NY Times
Adam Schiff, a Democratic congressman from California, urged the nation’s intelligence leaders today to get behind an important idea: The Obama administration, he said, should publish an annual report on American drone strikes, showing how many combatants and especially how many non-combatants are killed by unmanned aircraft each year.
The United States doesn’t release those figures now, and in fact doesn’t even officially acknowledge that the C.I.A. operates drones over Pakistan to kill terrorists. (It does acknowledge the Pentagon’s drone program in Afghanistan.) But last year, the United Nations conducted an investigation that found that 400 of the 2,200 people killed by American drones in Pakistan over the last decade were civilians.

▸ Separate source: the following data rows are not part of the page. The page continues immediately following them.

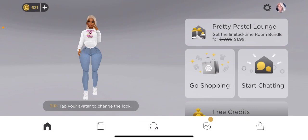What is up guys, it's your girl Mylanae back at it again with another IMVU video, you already know.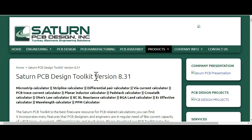You can also use the crosstalk calculator, microstrip calculator, stripline calculator, and differential pair calculator. You can also calculate the XC and XL reactance, and Ohm's law. This tool is very effective and it will help you in your PCB design.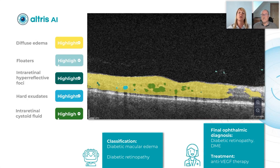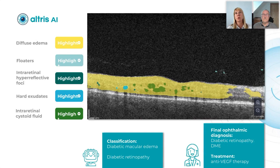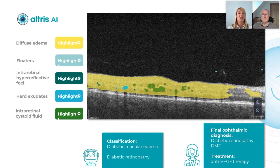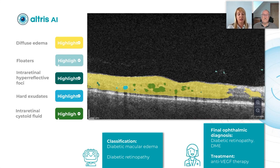These three cases from our real-life practice showed us that AI helps us not to miss pathologies, even in early or asymptomatic stages. It shows how different pathologies look with color coding, which is also part of our postgraduate education, gives us confidence in what we see, and makes our work more efficient.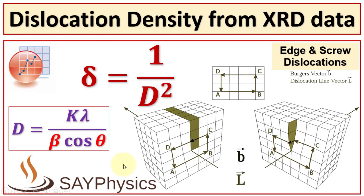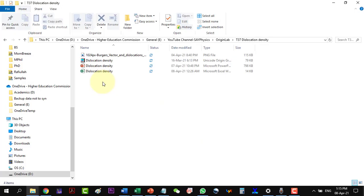From Origin, we will find the values of full width at half maximum, which is beta, and the Bragg's angle theta. To find the values of beta and theta, let me start with the Origin file.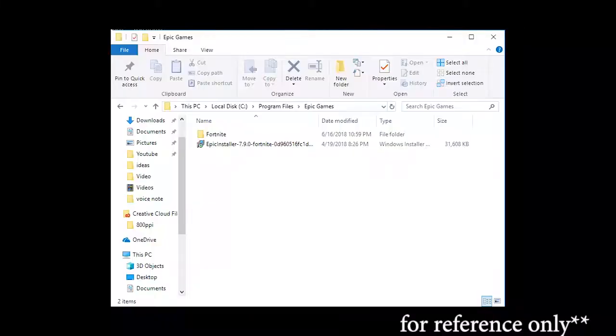The combination of the Epic Game Launcher and this Fortnite compressed folder — or uncompressed folder — is your complete offline installation package for Fortnite.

In his speech on the subject last May, President Obama said “there must be near-certainty that no civilians will be killed or injured” before any drone strike is conducted. At the moment, however, no one outside a closed circle of military and intelligence officials knows whether that standard is being upheld.
Mr. Schiff made the proposal at a hearing of the House Intelligence Committee today while questioning John Brennan, the C.I.A. director.
“That seems to me a limited value in terms of information to our adversaries,” Mr. Schiff said, “but in terms of public accountability, and being able to correct the record at times when there are misleading claims about civilian casualties, it might be beneficial as well.”